You thought that you could remove the need to make music from your soul? No you can’t.
Once the need is there, it is always there. So if you thought the Senior Centre Singers were never going to sing again, you would be wrong! They won’t be doing the big concerts they used to perform, for there was simply not enough help to do the work involved. So, you do get to hear them sing again!
There is a smaller concert and special celebration April 21 at 7:30 pm IN THE SENIOR CENTRE AUDITORIUM. Pay attention to the location I just gave you. You might want to call for your tickets before you read what they are doing because the space is quite restricted compared to the Lion’s Auditorium. You can call the Centre at 519-688-2520, or get tickets at the door, but frankly I wouldn’t bet on there being any tickets left. The price is $5 a ticket with refreshments to follow.
The Singers will be celebrating 25 Years of Making Beautiful Music. Can you believe 25 years has passed since the Senior Centre Singers began singing?
Like past concerts, you will be getting old and new songs and ever-popular singsong. This mini concert could have up to 50 singers performing; in fact, I believe it was they who wanted a concert. Well, from the sounds of it, their adoring public wanted another concert as well.
The changes to a smaller venue, with no risers from Kitchener to muscle in and out, will give a more homey and relaxed atmosphere.
Rachel Parker is still directing and has also arranged for a special guest appearance from the Senior Centre Bell Ringers, who will perform for about 20 minutes. All in all it will be another wonderful night of music to remember.
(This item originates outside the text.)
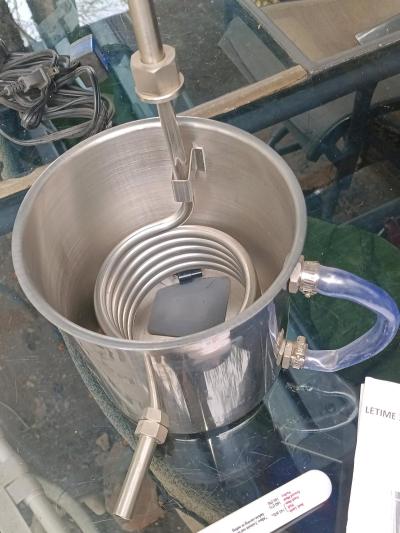 LT 3000 Essential Oil Distiller - Thumbnail 5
Much like music in your soul, authors also have stories inside of them that need to come out as well. The next event I wish to tell you about occurs next Tuesday the 14th, 2 p.m. at the Tillsonburg Library, when Elaine Cougler will do spend an hour or so reading and answering questions from from the second book of her Loyalist Trilogy, The Loyalist’s Luck.
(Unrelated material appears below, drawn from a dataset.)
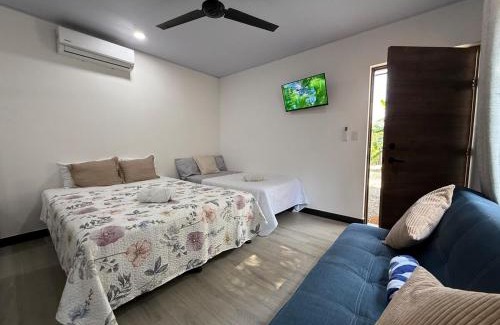 Tarcoles Apartment | Punta Leona, beach 5mn,gated parking, AC, TV, WiFi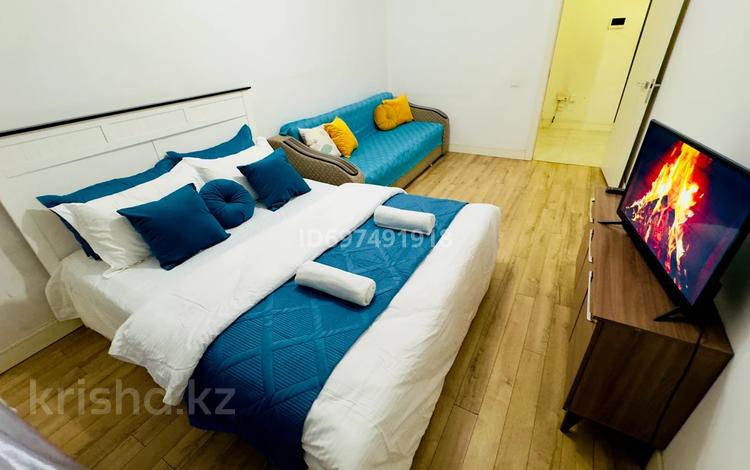 1-бөлмелі пәтер · 50 м² · 3/9 қабат, Абая 130, бағасы: 18 000 ₸ в Алматы, Бостандыкский р-н — фото 2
Now perchance, you maybe thinking that you have heard this song, I mean plug, before; and you would be correct! Elaine had planned on doing this very thing previously and I wrote all about the award that she had won, but there was a mix up in communications and her adoring public, some who did not know we were supposed to call in advance to let the library know we were going to attend, discovered it had been cancelled because they thought no one was going to come!
Fortunately Elaine is returning this coming Tuesday, so you best call 519-842-5571 if you wish to attend... right now!
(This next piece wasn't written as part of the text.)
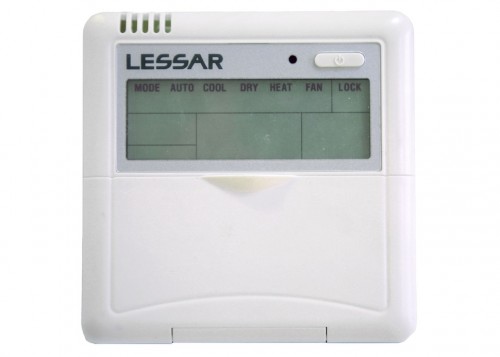 Кассетный кондиционер Lessar LS-HE18BCOA2 / LU-HE18UOA2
Here is a brief refresher of the very well researched first book in the series The Loyalist’s Wife: When American colonists resort to war against Britain and her colonial attitudes, a young couple caught in the crossfire must find a way to survive. Pioneers in the wilds of New York State, John and Lucy face a bitter separation and the fear of losing everything, even their lives, when he joins Butler's Rangers to fight for the King and leaves her to care for their isolated farm. As the war in the Americas ramps up, ruffians roam the colonies looking to snap up Loyalist land. Alone, pregnant, and fearing John is dead, Lucy must fight with every weapon she has.
This second book, Loyalist's Luck, continues the story: When the revolutionary war turns in favour of the Americans, John and Lucy flee across the Niagara River with almost nothing. They begin again in Butlersburg, a badly supplied British outpost surrounded by endless trees. John is off on a secret mission for Colonel Butler and she is left behind with her young son and pregnant once again. In the camp full of distrust, hunger, and poverty, word has seeped out that John has gone over to the American side and only two people will associate with Lucy. With vivid scenes of heartbreak and betrayal, heroism and shattered hopes, Elaine Cougler takes us into the hearts and homes of Loyalists still fighting for their beliefs, and draws poignant scenes of families split by political borders. This story shows us the courage of ordinary people who, in perilous times, become extraordinary.
If you like history and want to know what it was like for our forefathers to come and settle in Canada, these books are an excellent and entertaining way to understand what it took to form our country. I can’t wait to get my copy of the Loyalist Luck and nag Elaine to write faster on the final book The Loyalist Legacy.